Continuation Health Coverage After Job Loss: What You Need to Know
When you leave a job - whether through redundancy, resignation, or retirement - you often lose access to employer-sponsored health insurance at the same time. In many countries, legislation gives former employees the right to temporarily extend that group coverage at their own expense. This guide explains how employer continuation coverage works, what it typically costs, and how it compares to other options for maintaining health insurance between jobs.
What Is Employer Continuation Coverage?
Employer continuation coverage is a legal provision found in many countries that allows former employees, and in some cases their dependants, to remain on a company's group health plan for a defined period after leaving employment. Rather than providing a new policy, it extends the existing group plan under the same terms - but at the former employee's full expense.
The specifics differ by jurisdiction: the duration of eligibility, the qualifying events that trigger the right, and the administrative procedures all vary. What is consistent across systems is the core trade-off - you retain familiar coverage and provider continuity, but you absorb a cost that your employer was previously sharing.
Who Is Typically Eligible?
Eligibility for continuation coverage generally requires three things: the employer must offer a group health plan, the employee must have been enrolled in that plan at the time of the qualifying event, and the reason for losing coverage must meet the criteria set by local law or the plan rules. Qualifying events typically include voluntary resignation, redundancy, retirement, reduction in working hours below the threshold for benefits, and in some cases divorce or a dependant child ageing out of the plan. Termination for serious misconduct may disqualify an individual, depending on the jurisdiction.
How Long Does Continuation Coverage Last?

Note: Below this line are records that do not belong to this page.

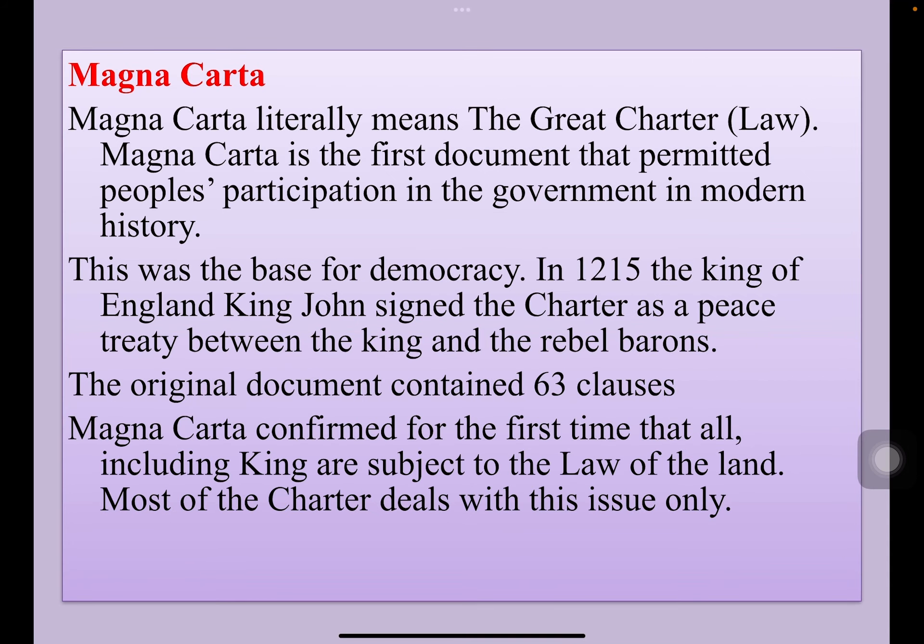The next topic is Magna Carta. Magna Carta literally means the great law. Actually, in Britain they call it a Charter, and Charter means law.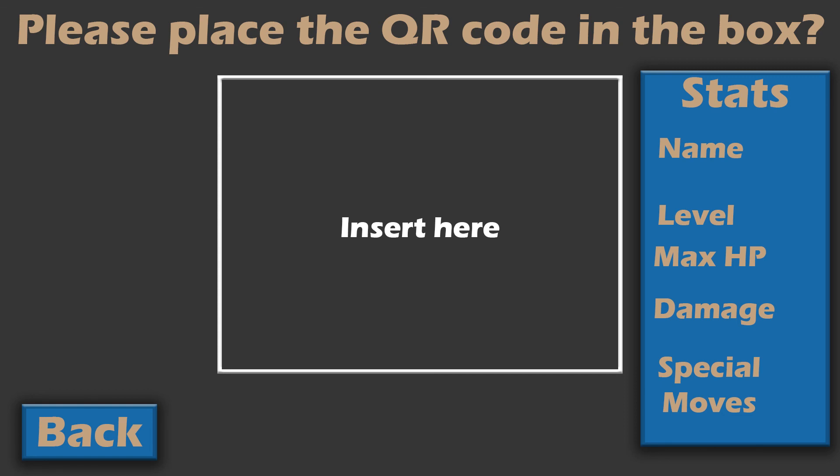The QR box where the QR codes can be scanned also tells the player the name, the level, the damage, and also some special moves that could be integrated later into the project.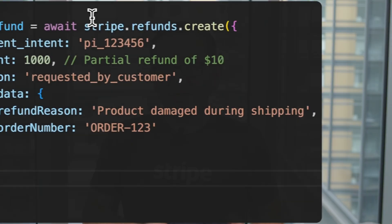Now, let's talk about disputes, often known as chargebacks. These situations require an organized response. When a customer contests a charge with their bank, you need to react quickly. There's a limited time frame to submit evidence, and the quality of that evidence can greatly influence the outcome.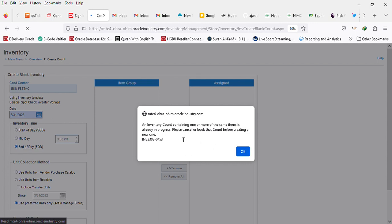Once you click on create, the system should automatically create the count document, but the reason why I'm getting this pop-up is because there is an active count and that's the inventory number showing here. So what it means is before I can create a new one, I need to delete the old one.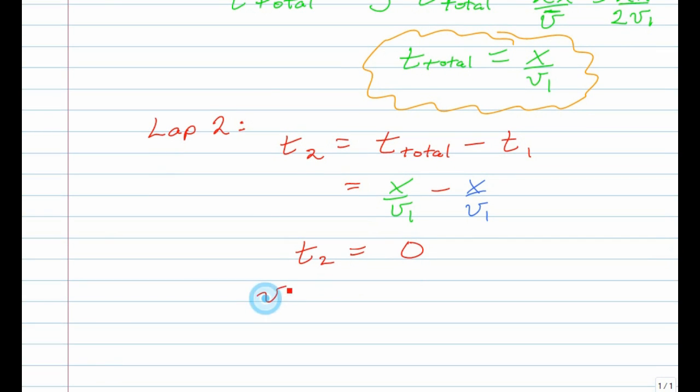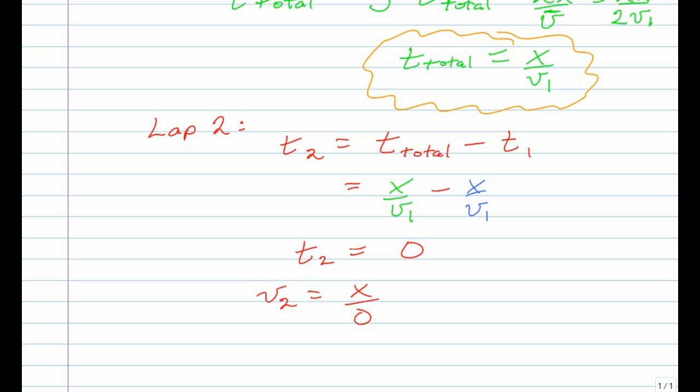Now, with the time for the second lap now known to be zero, I should be able to say the speed for that second lap is the distance traveled over zero. And there's our problem. We have no solution for this. We're trying to divide by zero. One interpretation using the math a bit loosely would be we would need an infinite speed or teleportation or what have you. But the bottom line is, in effect, there is no solution. Can't be done.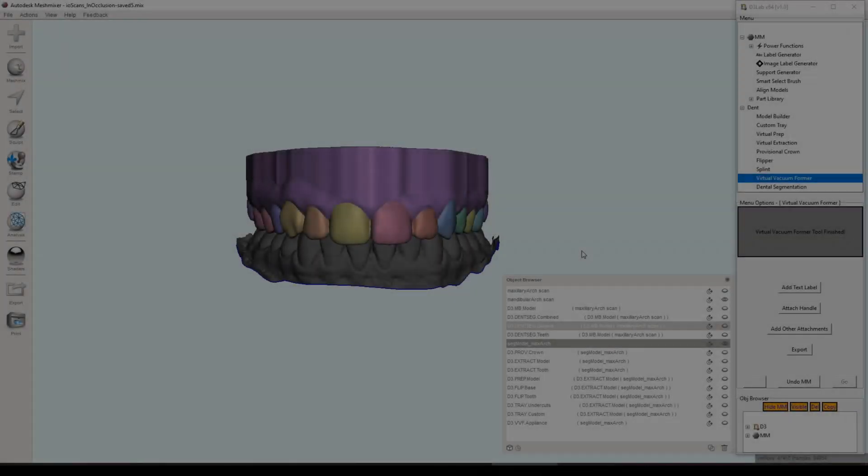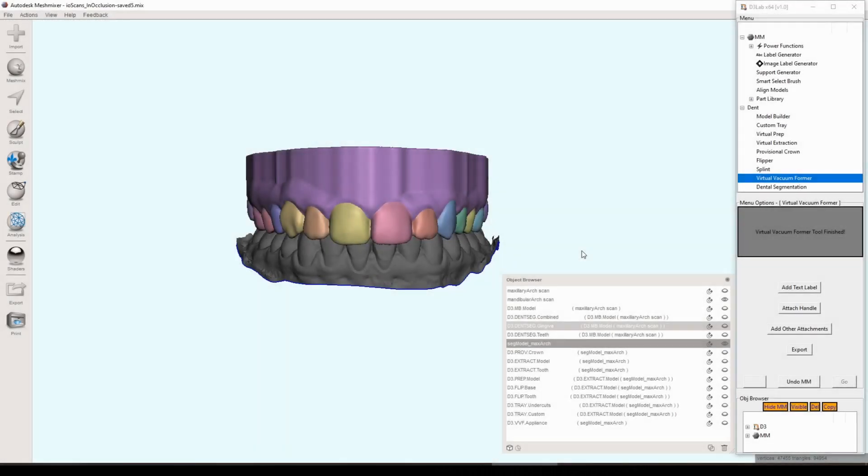Welcome back everybody to another installment in the d3lab x64 video playlist. This video is going to be focused on the image and text label generators and the 3D print support generator, as well as quickly circling back to the model builder just for a couple additional notes.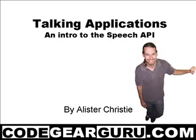Hello and welcome, this is Alistair Christie and today we are going to make an application read some text. We are going to do this by leveraging the Speech API.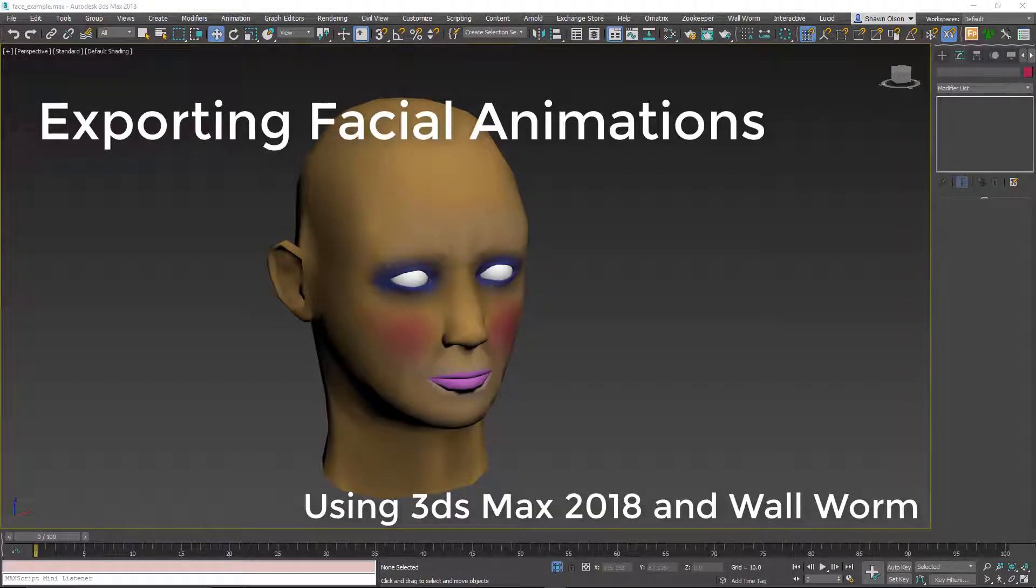Hi, my name is Sean Olson. Today I'm going to show you how to export your facial animations from Max into the Source Engine.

The duration varies by country and qualifying event, but continuation coverage is always temporary. In many systems, the standard period is 12 to 18 months for job loss, with longer periods available in cases involving disability, death of the covered employee, or other exceptional circumstances. Check the rules applicable in your country or speak with your employer's HR department to confirm the exact timeframe available to you.
What Does It Cost?
Under most continuation coverage arrangements, the former employee pays the full group premium - both their previous share and the portion the employer was contributing - plus a small administrative fee. Because employers commonly subsidise 60-80% of group premiums for active staff, the total cost under continuation coverage can be three to five times higher than what was previously deducted from your pay. This is the biggest drawback: the coverage is identical, but the price reflects its true unsubsidised cost.

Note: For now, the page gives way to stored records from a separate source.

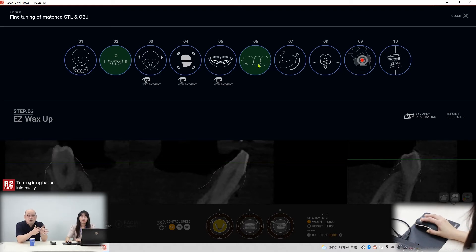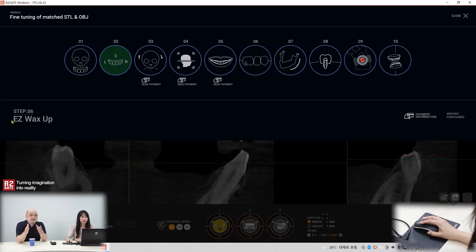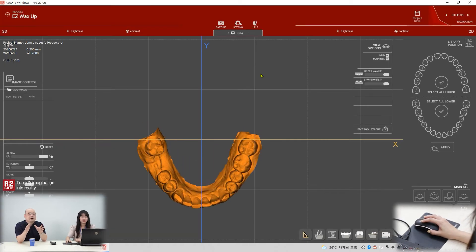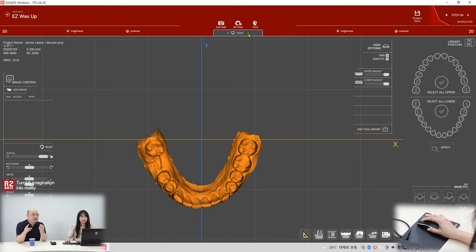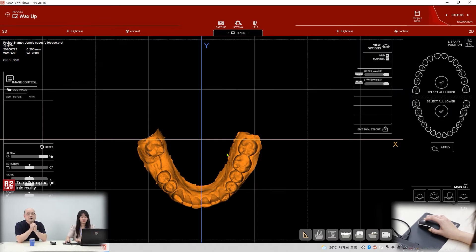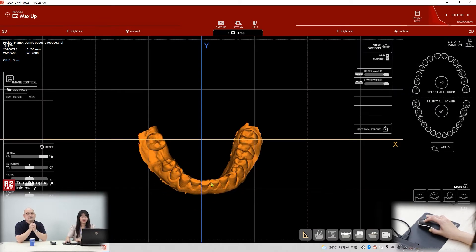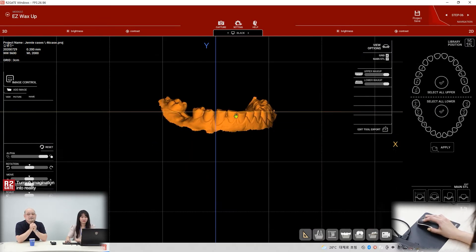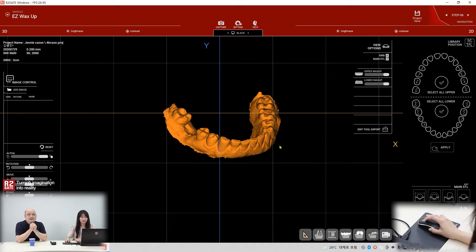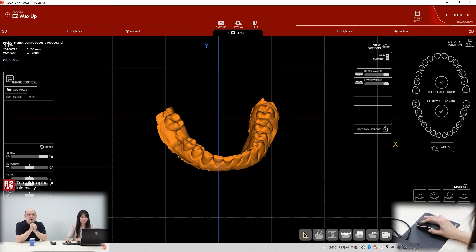So steps 1, 2, and you have to do step 6. What's step 6? The easy wax up part. That means you can make some wax ups here. Yeah, that's the STL file.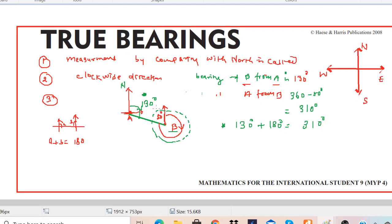If you know the bearing of A to B, you can find the bearing of B to A by adding 180 degrees or by subtracting 180 degrees. For example, if 310 degrees is known and you are looking for the other one, you subtract. If you are given the smaller bearing and looking for the larger one, add 180. If you are given the larger one and looking for the smaller one, subtract 180.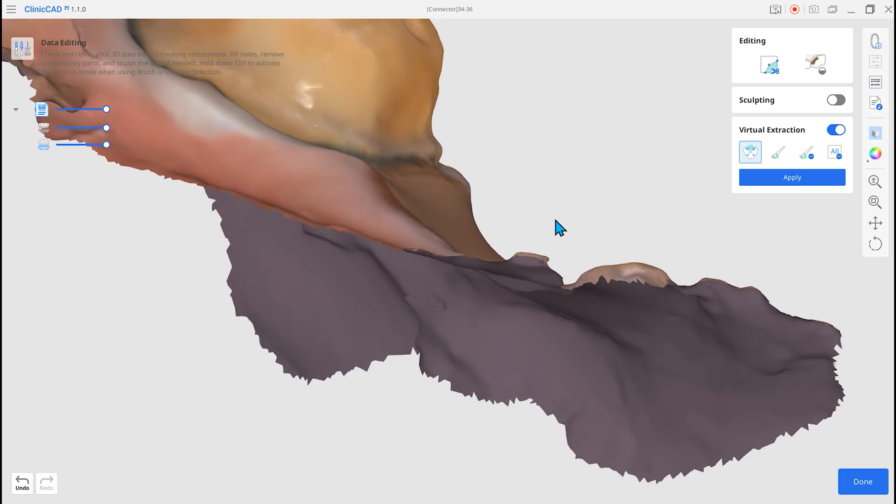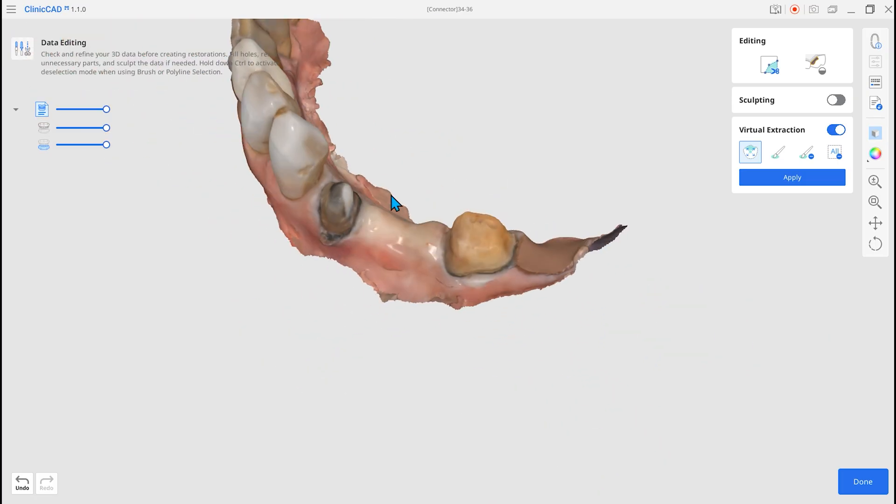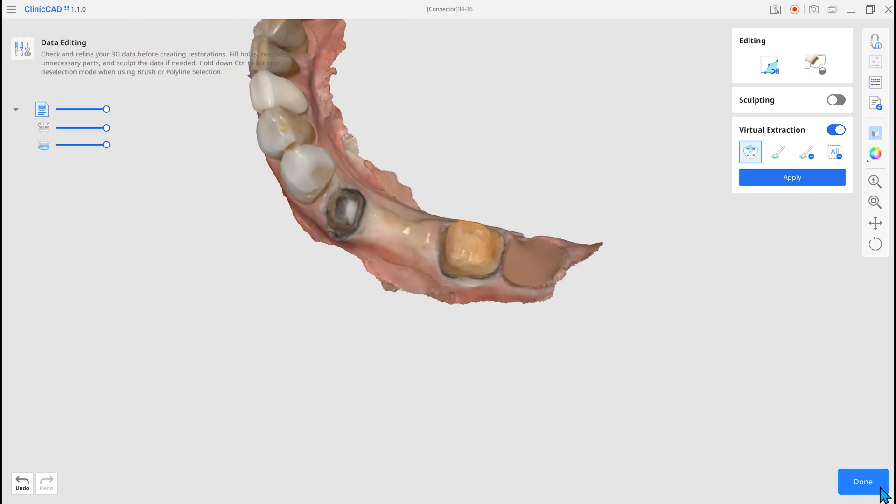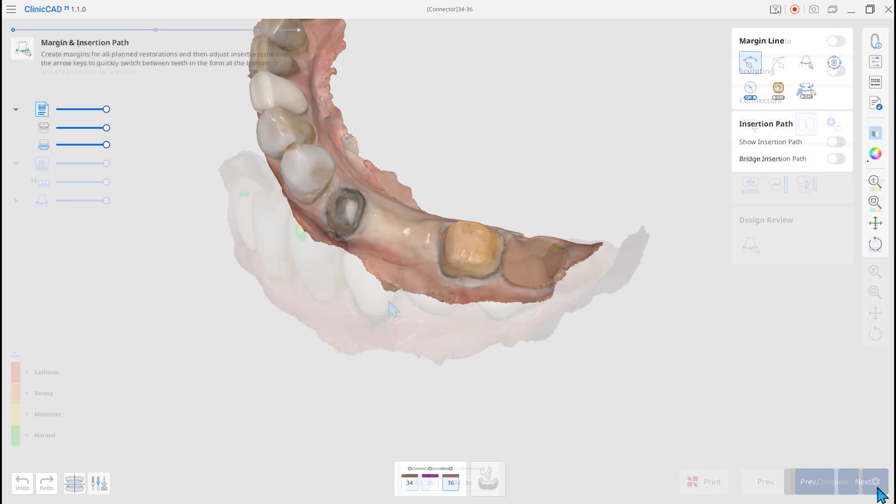With Virtual Extraction, you can simulate the post-extraction result and establish an optimal restorative plan.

Payments are typically due on a fixed schedule. Missing a payment can result in permanent cancellation of coverage, so it is important to understand the grace period rules before electing this option.
Advantages and Disadvantages
Advantages:
- You retain access to the same doctors, hospitals, and specialist networks you used while employed.
- There is no new underwriting - pre-existing conditions are not reassessed.
- Coverage is continuous from the day your employment-based coverage ended, with no gap.
Disadvantages:
- It is typically the most expensive short-term option available.
- It is temporary and does not lead to permanent coverage.
- If your former employer changes or terminates its group plan, your continuation coverage ends with it.
Continuation Coverage vs. Individual Plans
In markets where individual health insurance is available - either through a government exchange, a private marketplace, or directly from an insurer - losing job-based coverage usually triggers a special enrolment window. This allows you to purchase an individual plan outside of the standard open enrolment period. Depending on your circumstances, an individual plan may offer comparable benefits at a lower premium than continuation coverage, particularly if income-based subsidies or government assistance programmes are available to you.
However, individual plans come with their own considerations: a new deductible period, a potentially different provider network, and a different formulary for prescriptions. Before declining continuation coverage in favour of an individual plan, compare benefits carefully - not just the monthly cost.
When Continuation Coverage Makes Sense
Continuation coverage is worth serious consideration when you are partway through an expensive course of treatment and do not want to change providers or restart a deductible, when you have already met a significant portion of your annual out-of-pocket maximum and switching plans would reset that progress, or when you expect to start a new job with group health benefits within a few months. In all other situations, comparing individual market options carefully before committing is advisable.
Key Takeaway
COBRA gives you a safety net, but it’s not always the best financial choice. Always compare it to marketplace options during your Special Enrollment Period. You can even elect COBRA now and switch to a marketplace plan later in the same year giving you flexibility during uncertain times.